The plan calls for assigning each entering student to a faculty mentor. Good idea. The plan also calls for ensuring students opportunities for senior research projects. Good idea. We especially like the idea of changing the promotion and tenure structure to reward efforts in undergraduate education. Then again we'll only believe it when we see it.
But the most interesting aspect of the model is that all incoming students will have to enroll in an introductory college. As freshmen and sophomores, each year they will be required to take six units in three areas: natural sciences; art and humanities; and individuals and societies. At least for the first year of the plan, these classes will be survey courses. For example, chemistry, physics and biology could be covered by a natural science class.
At this point, it would seem impetuous to come out for or against the core course plan because the administration has only given a vague outline of what it will entail. However, we have several questions and concerns that we'd like to see addressed:
1) How many sections of these core classes will be offered and how big will they be? Are there going to be 500-person lecture hall courses or classes with less than 50 students? Either way there will be problems accommodating 4,500 incoming freshmen.
If the core courses are large lecture halls, the whole purpose of the "university college" plan would be defeated. Imagine having three 500-person classes every semester for two years. Not a very pleasant prospect. Any gains in "personalizing" the university with the faculty mentor program could be nullified by students sitting in arena-size classrooms for two years.
Let's say classes are limited to 50 students. Simple math: there will have to be 90 sections of each of the three freshmen core courses. That's 270 teaching slots that will need to be filled. Keep in mind that students will be required to take two years' worth. Take into account that some freshmen drop out, and the university will still have at least 450 teaching slots to be filled by faculty. Where is the administration going to find so many faculty members? An even better question: Will faculty members be willing teach these classes?
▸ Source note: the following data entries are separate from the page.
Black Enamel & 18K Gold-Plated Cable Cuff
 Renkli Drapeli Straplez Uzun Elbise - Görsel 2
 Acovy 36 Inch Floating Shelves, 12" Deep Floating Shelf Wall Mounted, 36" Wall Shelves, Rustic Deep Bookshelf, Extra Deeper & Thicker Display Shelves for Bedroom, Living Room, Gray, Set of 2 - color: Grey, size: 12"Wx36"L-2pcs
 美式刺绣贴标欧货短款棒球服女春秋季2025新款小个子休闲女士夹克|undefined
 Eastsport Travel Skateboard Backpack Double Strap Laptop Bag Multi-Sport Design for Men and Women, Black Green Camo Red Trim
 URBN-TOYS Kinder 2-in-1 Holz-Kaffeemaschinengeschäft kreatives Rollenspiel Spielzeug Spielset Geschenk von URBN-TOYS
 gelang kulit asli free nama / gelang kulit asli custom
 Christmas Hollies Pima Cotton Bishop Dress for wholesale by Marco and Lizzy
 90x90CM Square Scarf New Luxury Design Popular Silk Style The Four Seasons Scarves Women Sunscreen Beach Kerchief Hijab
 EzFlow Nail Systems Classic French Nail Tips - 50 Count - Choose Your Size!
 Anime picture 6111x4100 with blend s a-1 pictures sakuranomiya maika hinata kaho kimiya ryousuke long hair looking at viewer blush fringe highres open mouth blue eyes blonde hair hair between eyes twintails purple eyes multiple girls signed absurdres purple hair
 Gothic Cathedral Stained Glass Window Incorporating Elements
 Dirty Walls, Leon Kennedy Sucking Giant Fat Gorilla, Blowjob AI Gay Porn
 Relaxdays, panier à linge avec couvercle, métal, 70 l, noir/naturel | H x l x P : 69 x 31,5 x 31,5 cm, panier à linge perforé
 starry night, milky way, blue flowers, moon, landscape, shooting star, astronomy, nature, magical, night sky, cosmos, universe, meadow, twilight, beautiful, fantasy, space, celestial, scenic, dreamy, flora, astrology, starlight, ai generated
2) How will these courses be organized? Will there be one teacher for each course or a slew of teachers? In a social sciences course, will a political science professor be teaching psychology? If each course is taught by a group of professors, will the classes have any consistency? Could professors ever agree on a common course syllabus for the classes? How many books will students have to buy per class?
3) The creation of a new "university college" means more bureaucracy and more administrators. How many new administrators will have to be hired? How much will it cost to even create such a college?
4) How much student and faculty input will be accepted in the planning stages? If there is a strong backlash against the plan, will the administration ditch the idea? If there is not a consensus among faculty supporting the program, what will happen?
The "university college" plan is intriguing enough, but it looks like it could be a logistical nightmare. Questions need to be asked now and administrators must start developing a more detailed model for the "university college."
Pacheco is right. The university administration needs to accept reality, but whether the "university college" plan is a realistic solution remains to be seen.